Der gebürtige US-Amerikaner leitet bei der Inszenierung von Ariodante an der Wiener Staatsoper sein Ensemble Les Arts Florissants. Christie hat schon über 20 Opern von Händel aufgeführt, also muss er mehr wissen: "Es gibt in Ariodante einen Chor und ein Ballett – Elemente, die in der Opera seria lediglich optional sind", setzt der Wahlfranzose nach.

Gehen wir ins Detail: Der Komponist hat ab und zu das strenge Formenschema der Opera seria aufgebrochen, damit gespielt. Das Duett des Helden Ariodante mit seiner Angebeteten Ginevra im ersten Akt, Prendi da questa mano, unterbricht ihr Vater, der schottische König, aus lauter Freude einfach so beim Da capo. Ein besonderer Kniff? "Händel hat in jeder seiner Opern mit der Form der Opera seria gespielt", befindet Christie knapp.

Neuer Versuch, weitermachen

Neuer Versuch: In Ariodante ereignen sich viele Szenen in der Natur: in den königlichen Gärten, in einem anmutigen Tal, in einem Wald. Gelingen Händel hier – etwa bei Ariodantes erstem Arioso Qui d'amor nel suo linguaggio – besonders fantasievolle Naturschilderungen? "Das gelingt ihm in jeder Oper", bescheidet Christie. An wen erinnert der 73-Jährige nochmal? Genau: an Michael Caine in der Rolle des Butlers in Batman Begins – abzüglich vielleicht seiner Herzenswärme.

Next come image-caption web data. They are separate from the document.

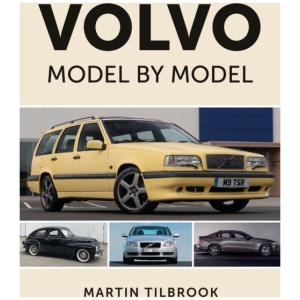 Volvo Model by Model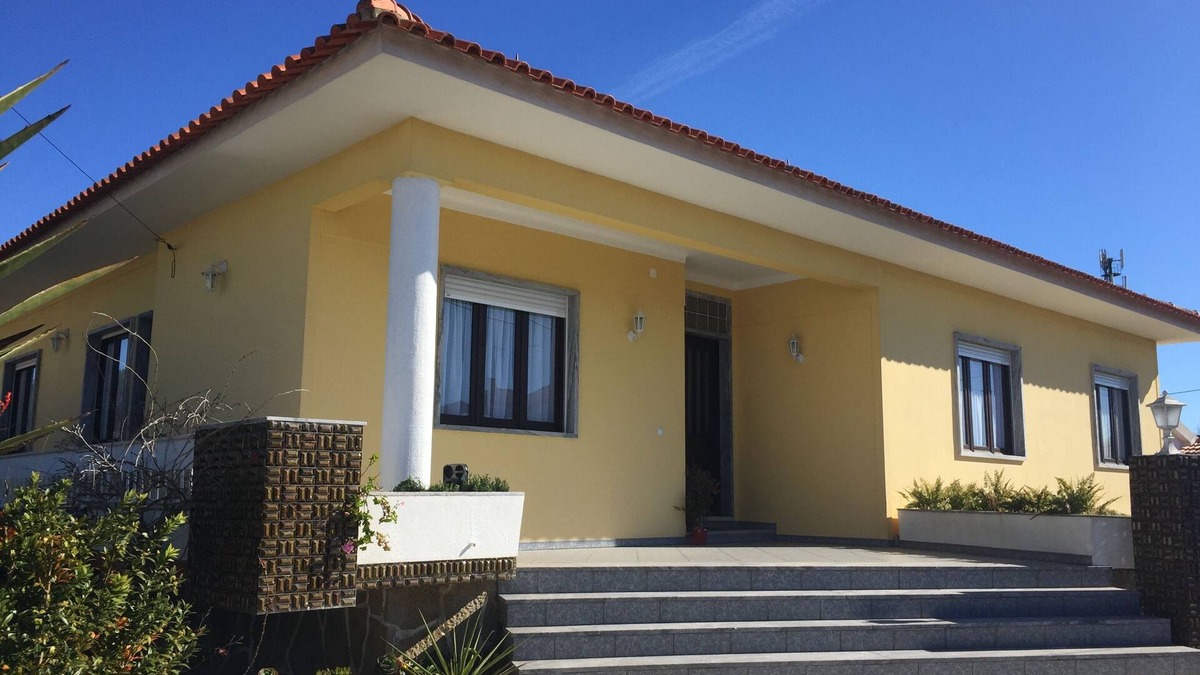 Magoito Villa | Villa Magoito - Charming House/Charming House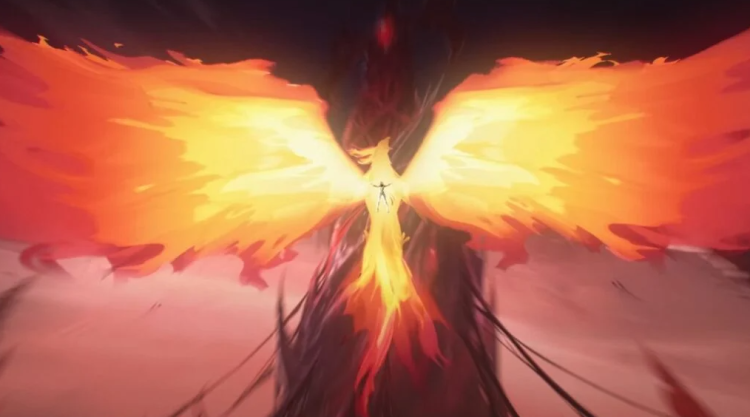 Marvel Rivals Phoenix Guide: Abilities, Ultimate, Tips & Tricks 1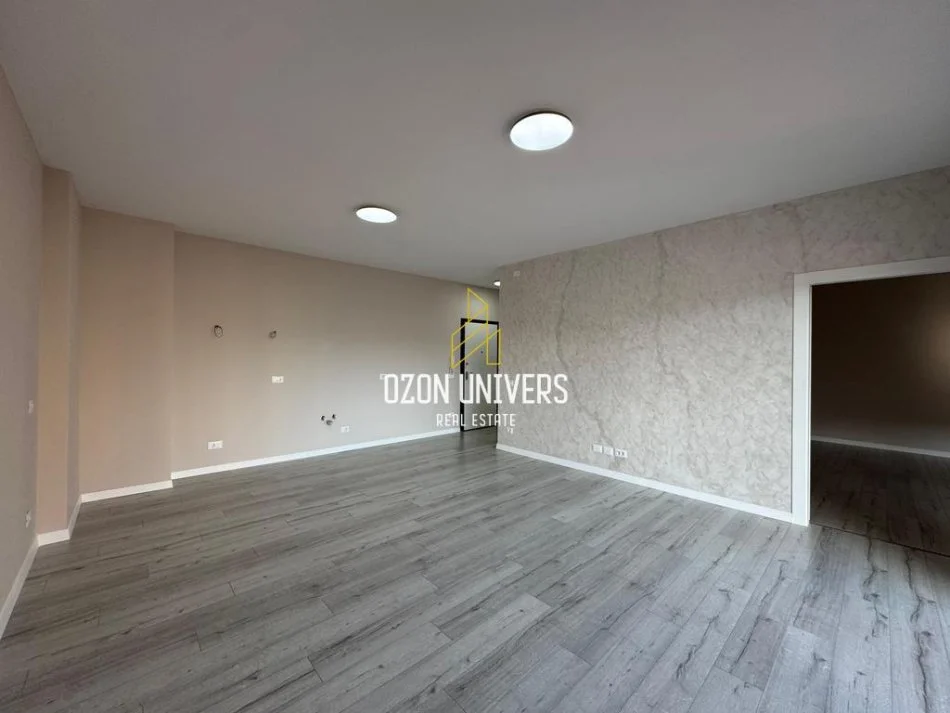 Tirane, jepet me qera apartament 1+1+Ballkon Kati 3, 77 m² 680 € (Myslym Shyr)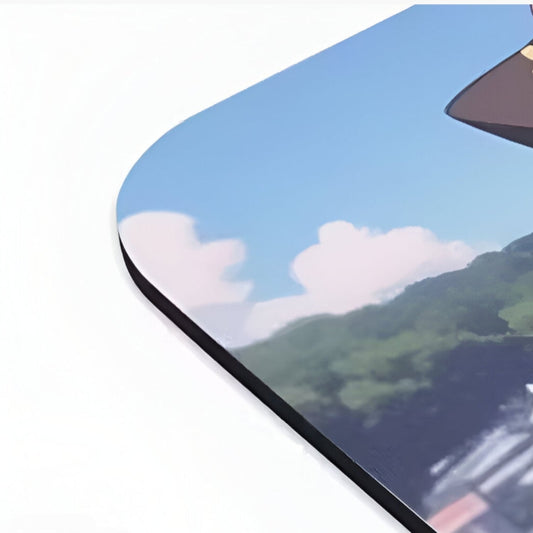 Anya Mouse Pad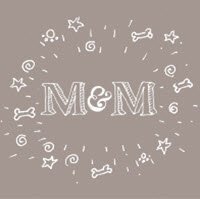 Mungo and Maud image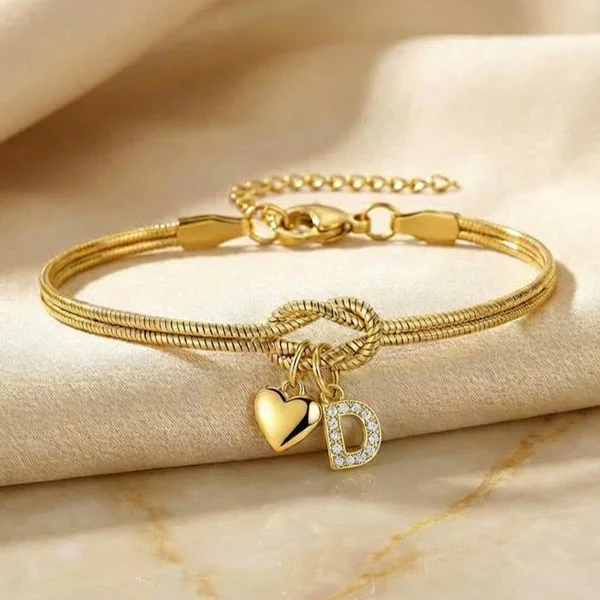 Forever Knot Bracelet 2.0 - Image 8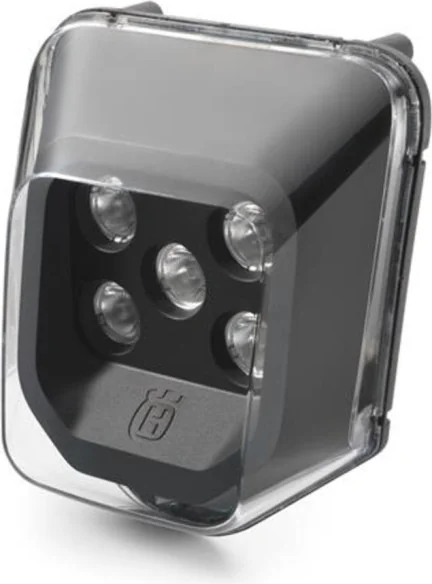 Factory Racing LED-Headlight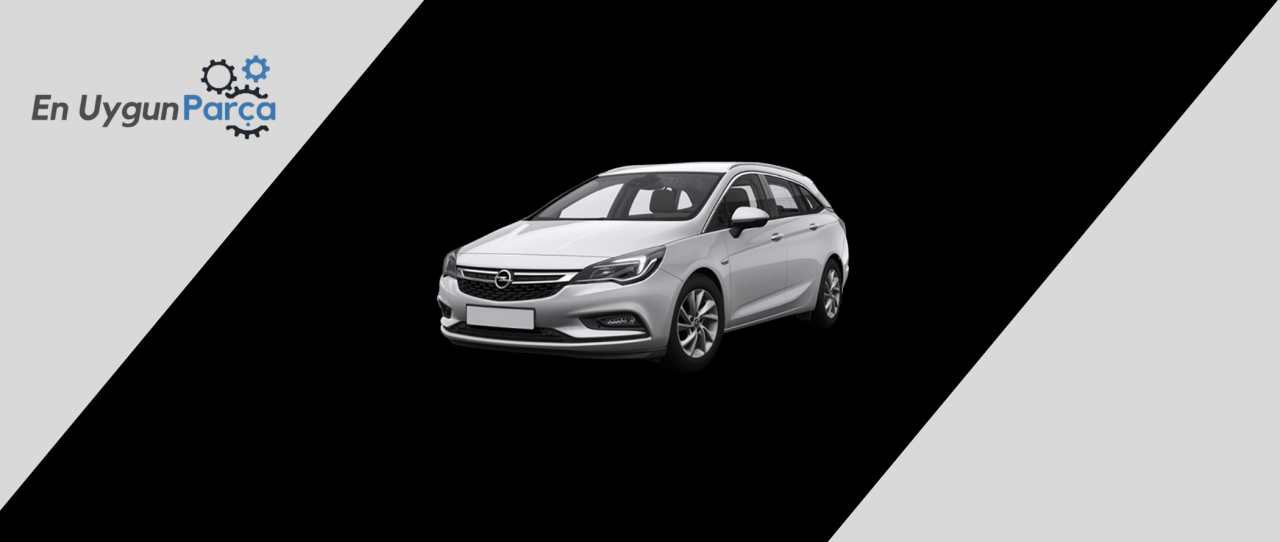 Balıkesir En Uygun Opel Yedek Parça
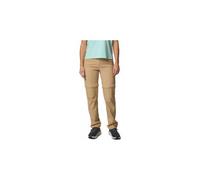 Columbia Leslie Falls - Pantalone Convertibile da Donna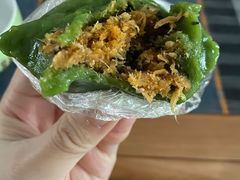 -白玉兰食品甜凤店(合生汇店)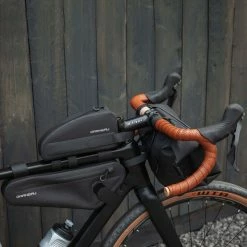 LOUIS GARNEAU GRoad - Carry Bag -Vélo Soldes Boutique louis garneau groad carry bag 5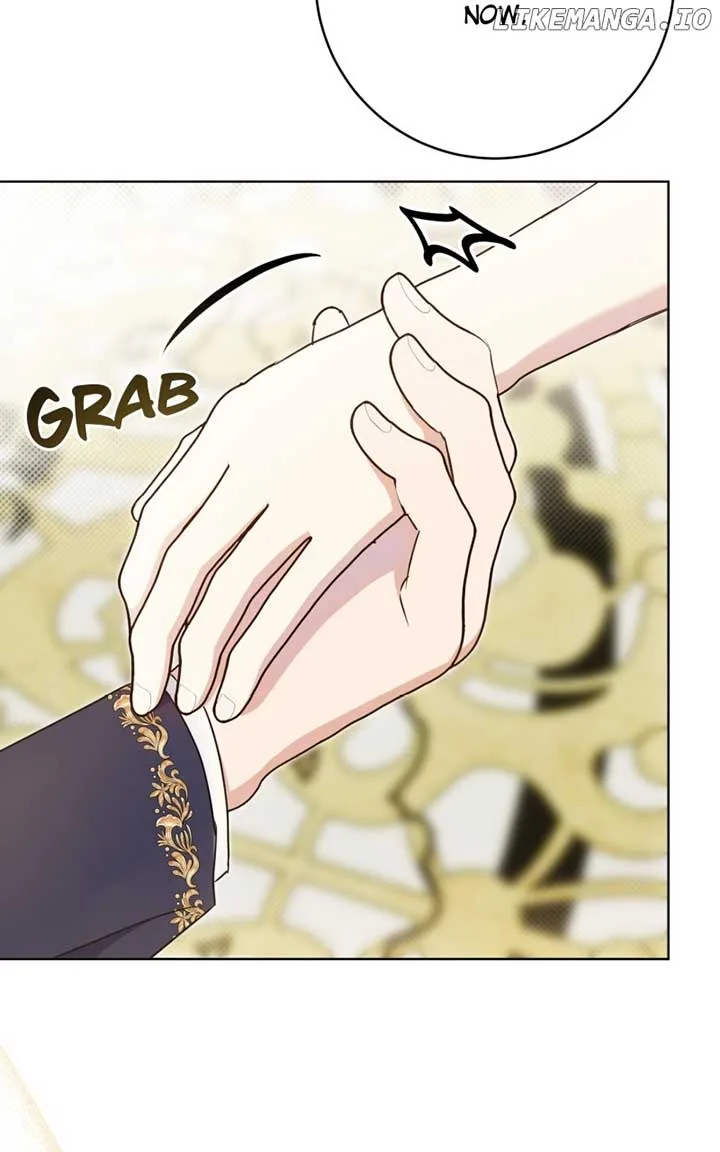 Captain! Is this battlefield here? Chapter 83 page 77
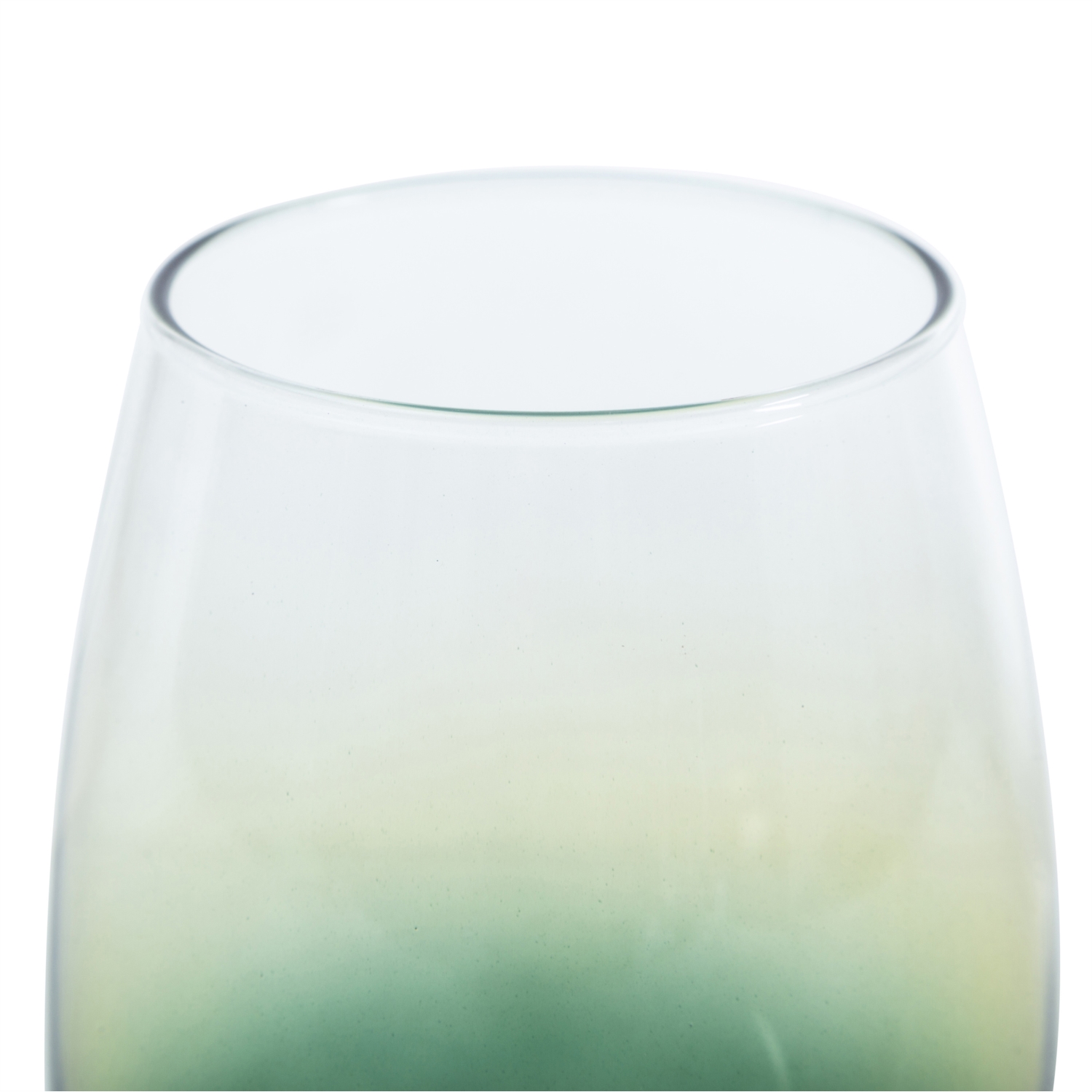 DOLCEVITA MEŞRUBAT BARDAĞI-SARI 590 ML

Weitermachen. Für die Uraufführung von Ariodante schrieb Händel seiner ersten Ginevra Anna Strada del Pò halsbrecherisch schwierige Koloraturen auf die Gurgel. Bei der Neuproduktion gibt das Ensemblemitglied Chen Reiss die schicksalsgeprüfte Königstochter. Wie bewältigt die talentierte Allroundsängerin die Schwierigkeiten? "Selbstverständlich gut. Ich würde doch keine Sängerin engagieren, die die Partie nicht singen kann!"

Ah ja. Das Personal in Barockopern ist mitunter schablonenhaft gezeichnet, die Ginevra hingegen ist eine komplexe Partie: Im ersten Akt noch himmelhochjauchzend vor Glück, wird die schottische Prinzessin von ihrer Hofdame verraten, von ihrem Vater verstoßen und glaubt, dass sich ihr Geliebter umgebracht hat. Kann Chen Reiss hier all ihre darstellerischen und gesanglichen Fähigkeiten zeigen? "Sie fragen etwas und beantworten die Frage gleichzeitig", befindet der Musiker. "Zudem haben Sie unrecht. In den Opern von Händel gibt es keine Stereotype."

Kraft des Counter

Durchatmen. Neues Thema: Christophe Dumaux. Wer den Franzosen in Salzburg als intriganten Polinesso erleben durfte, neben Cecilia Bartoli in der Ariodante-Inszenierung von Christof Loy, war beeindruckt von dessen kraftvollem Counter. Wann hat Christie mit dem Franzosen zusammengearbeitet, den er ja für die Produktion vorschlug? "Er war Student bei meiner Akademie Jardin des Voix", erläutert Christie in einem Tonfall, in dem der königlich-britische Haushofmeister dereinst Prinz Charles über das Ableben eines Familienmitglieds informiert haben wird. Für die Titelpartie soll Sarah Connolly die gemeinsame Wunschkandidatin von Christie und Direktor Dominique Meyer gewesen sein.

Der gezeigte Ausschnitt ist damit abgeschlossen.